◆ Your goal: Please take the records that follow and repeat exactly the lines starting with the line with "Chef hand är" and going on through the line with "A woman with".

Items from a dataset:
..............................
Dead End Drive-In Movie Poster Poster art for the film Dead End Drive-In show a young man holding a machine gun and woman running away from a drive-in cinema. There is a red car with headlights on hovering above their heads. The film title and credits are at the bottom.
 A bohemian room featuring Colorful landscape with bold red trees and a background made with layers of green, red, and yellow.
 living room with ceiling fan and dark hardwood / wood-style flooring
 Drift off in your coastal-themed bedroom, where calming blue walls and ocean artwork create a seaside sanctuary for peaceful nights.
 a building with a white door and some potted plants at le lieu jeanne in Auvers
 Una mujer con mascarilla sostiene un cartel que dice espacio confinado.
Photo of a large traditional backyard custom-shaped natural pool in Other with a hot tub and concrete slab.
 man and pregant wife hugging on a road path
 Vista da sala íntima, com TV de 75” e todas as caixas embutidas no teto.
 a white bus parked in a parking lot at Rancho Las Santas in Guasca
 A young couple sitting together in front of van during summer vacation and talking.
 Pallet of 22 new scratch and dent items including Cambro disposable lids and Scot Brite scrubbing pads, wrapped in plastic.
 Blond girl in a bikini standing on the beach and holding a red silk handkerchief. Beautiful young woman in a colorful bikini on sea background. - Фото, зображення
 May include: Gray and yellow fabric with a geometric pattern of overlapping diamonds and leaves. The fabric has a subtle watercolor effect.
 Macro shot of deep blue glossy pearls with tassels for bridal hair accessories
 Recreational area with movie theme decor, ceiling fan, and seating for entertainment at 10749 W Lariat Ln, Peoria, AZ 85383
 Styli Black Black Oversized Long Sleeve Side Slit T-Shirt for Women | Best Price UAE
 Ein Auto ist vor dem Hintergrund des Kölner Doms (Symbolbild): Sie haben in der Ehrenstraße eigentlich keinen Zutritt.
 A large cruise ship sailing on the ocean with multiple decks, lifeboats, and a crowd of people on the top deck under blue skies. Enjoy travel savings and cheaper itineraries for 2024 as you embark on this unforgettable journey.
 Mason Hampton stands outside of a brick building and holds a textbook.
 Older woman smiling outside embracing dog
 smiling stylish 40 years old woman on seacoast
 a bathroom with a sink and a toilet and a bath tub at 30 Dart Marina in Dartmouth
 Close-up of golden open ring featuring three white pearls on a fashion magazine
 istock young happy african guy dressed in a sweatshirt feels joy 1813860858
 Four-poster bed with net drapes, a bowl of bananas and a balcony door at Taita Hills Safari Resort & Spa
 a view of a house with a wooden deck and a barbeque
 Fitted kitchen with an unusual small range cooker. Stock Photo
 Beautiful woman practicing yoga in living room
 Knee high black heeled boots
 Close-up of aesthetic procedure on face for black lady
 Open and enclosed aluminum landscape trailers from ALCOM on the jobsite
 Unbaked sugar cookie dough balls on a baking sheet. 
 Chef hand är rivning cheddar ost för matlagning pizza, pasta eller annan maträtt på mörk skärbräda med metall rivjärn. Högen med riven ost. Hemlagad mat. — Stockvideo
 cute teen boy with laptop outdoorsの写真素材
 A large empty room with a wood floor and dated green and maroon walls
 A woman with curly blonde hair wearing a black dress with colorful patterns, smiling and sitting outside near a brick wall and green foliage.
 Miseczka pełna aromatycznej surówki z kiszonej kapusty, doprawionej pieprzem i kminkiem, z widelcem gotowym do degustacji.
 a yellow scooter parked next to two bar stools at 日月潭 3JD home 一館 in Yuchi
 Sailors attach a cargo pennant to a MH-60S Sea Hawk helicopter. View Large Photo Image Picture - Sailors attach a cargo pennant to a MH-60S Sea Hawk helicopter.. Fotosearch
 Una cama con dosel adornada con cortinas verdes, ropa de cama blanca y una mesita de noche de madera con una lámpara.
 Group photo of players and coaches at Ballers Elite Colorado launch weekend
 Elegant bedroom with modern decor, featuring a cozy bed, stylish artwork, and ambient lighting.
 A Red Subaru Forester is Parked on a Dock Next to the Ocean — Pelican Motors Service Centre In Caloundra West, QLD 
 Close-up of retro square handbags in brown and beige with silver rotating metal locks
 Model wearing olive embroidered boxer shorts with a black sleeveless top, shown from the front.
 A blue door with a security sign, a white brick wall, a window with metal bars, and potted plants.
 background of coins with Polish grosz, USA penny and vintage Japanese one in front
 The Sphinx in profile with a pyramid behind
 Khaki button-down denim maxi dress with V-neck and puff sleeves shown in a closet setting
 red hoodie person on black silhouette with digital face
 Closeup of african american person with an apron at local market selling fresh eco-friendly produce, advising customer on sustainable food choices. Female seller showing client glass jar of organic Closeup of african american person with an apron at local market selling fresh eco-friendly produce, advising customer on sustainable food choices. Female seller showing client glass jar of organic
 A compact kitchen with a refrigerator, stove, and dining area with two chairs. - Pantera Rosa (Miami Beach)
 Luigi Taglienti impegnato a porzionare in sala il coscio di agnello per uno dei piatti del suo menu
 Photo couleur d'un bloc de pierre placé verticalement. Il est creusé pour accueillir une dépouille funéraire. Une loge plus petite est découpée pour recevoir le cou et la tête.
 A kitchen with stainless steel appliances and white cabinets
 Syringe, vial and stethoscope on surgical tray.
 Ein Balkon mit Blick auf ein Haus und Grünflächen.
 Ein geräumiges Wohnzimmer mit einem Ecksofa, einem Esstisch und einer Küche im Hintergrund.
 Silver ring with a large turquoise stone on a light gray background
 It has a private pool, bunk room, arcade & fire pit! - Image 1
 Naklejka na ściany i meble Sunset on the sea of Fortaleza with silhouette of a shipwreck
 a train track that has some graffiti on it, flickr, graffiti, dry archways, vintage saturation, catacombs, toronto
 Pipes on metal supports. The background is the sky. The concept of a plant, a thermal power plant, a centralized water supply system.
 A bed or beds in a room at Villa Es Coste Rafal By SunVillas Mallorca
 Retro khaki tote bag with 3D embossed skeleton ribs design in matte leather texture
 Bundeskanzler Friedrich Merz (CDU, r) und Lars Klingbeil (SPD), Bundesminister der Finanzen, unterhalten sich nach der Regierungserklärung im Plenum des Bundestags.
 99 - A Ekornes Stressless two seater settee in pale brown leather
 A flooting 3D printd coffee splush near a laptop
..............................
◆ Written solution:
 Chef hand är rivning cheddar ost för matlagning pizza, pasta eller annan maträtt på mörk skärbräda med metall rivjärn. Högen med riven ost. Hemlagad mat. — Stockvideo
 cute teen boy with laptop outdoorsの写真素材
 A large empty room with a wood floor and dated green and maroon walls
 A woman with curly blonde hair wearing a black dress with colorful patterns, smiling and sitting outside near a brick wall and green foliage.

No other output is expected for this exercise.